Professor Susanne Lewis has been teaching at The University of Olivet since 2004, and she has taught a wide range of chemistry courses with her primary focus being organic chemistry. As chair of the Natural Sciences and Mathematics Department, she works with department faculty to administer and advance the academic programs that are housed within the department. Professor Lewis was nominated for the 2013 U.S. Professor of the Year Award for her excellence in teaching and curricular development.
Professor Lewis earned a bachelor’s in chemistry from Regis College and doctorate in organic chemistry from the University of New Hampshire with a focus on mechanistic studies in carbene and polyurethane chemistry.

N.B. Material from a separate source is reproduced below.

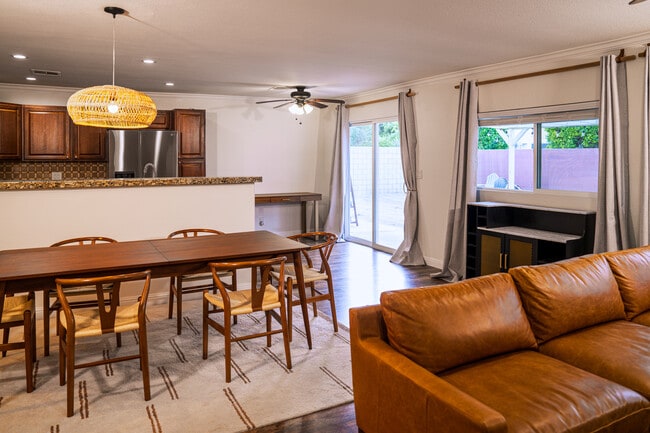 Photo - 46705 Washington St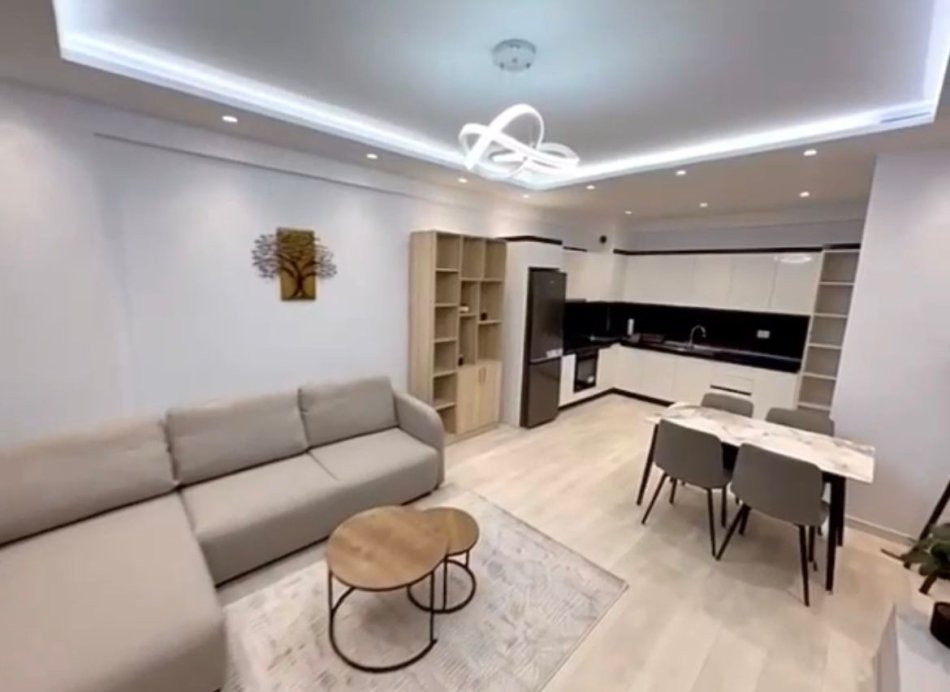 Tirane, jepet me qera apartament 1+1 Kati 3, 67 m² 450 € (Astir)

Her dissertation research explored photolysis of a phenanthrene-based carbene precursor, mechanistic studies of triazinanetriols and difunctional isocyanates using calorimetry, and computational studies exploring the lowest energy pathway for the interconversion of axial-methylcyclohexane to equatorial-methylcyclohexane using semi-empirical levels of theory.
As part of her preparation for teaching at the college level, Professor Lewis completed a cognate in college teaching from the University of New Hampshire and was awarded the Future Faculty Scholarship. She is a member in good standing of the American Chemical Society (Chemical Education and Organic Chemistry divisions), the American Association for the Advancement of Science, the Council on Undergraduate Research, the Midwestern Association of Chemistry Teachers in Liberal Arts Colleges, the Michigan Chemistry College Teachers Association, Sigma Zeta National Science and Mathematics Honor Society (Alpha Eta chapter) and Alpha Chi Sigma professional chemistry fraternity. Professor Lewis is also the Councilor for the Michigan State University Local Section of the American Chemical Society and advisor to The University of Olivet’s undergraduate chapter of the American Chemical Society, Gruen Chemistry Society.
Professor Lewis is passionate about providing students with the skills to understand course material by improving on the methods she learned as a student and providing an active-learning setting for learning. She understands that learning is a very interactive process and for students to truly learn something, they must understand it and make it their own. By engaging the students in the learning process, she hopes that students will develop the skill set that is needed for learning at higher cognitive levels. Her most important goal is to help students learn chemistry and enjoy it as much as she does.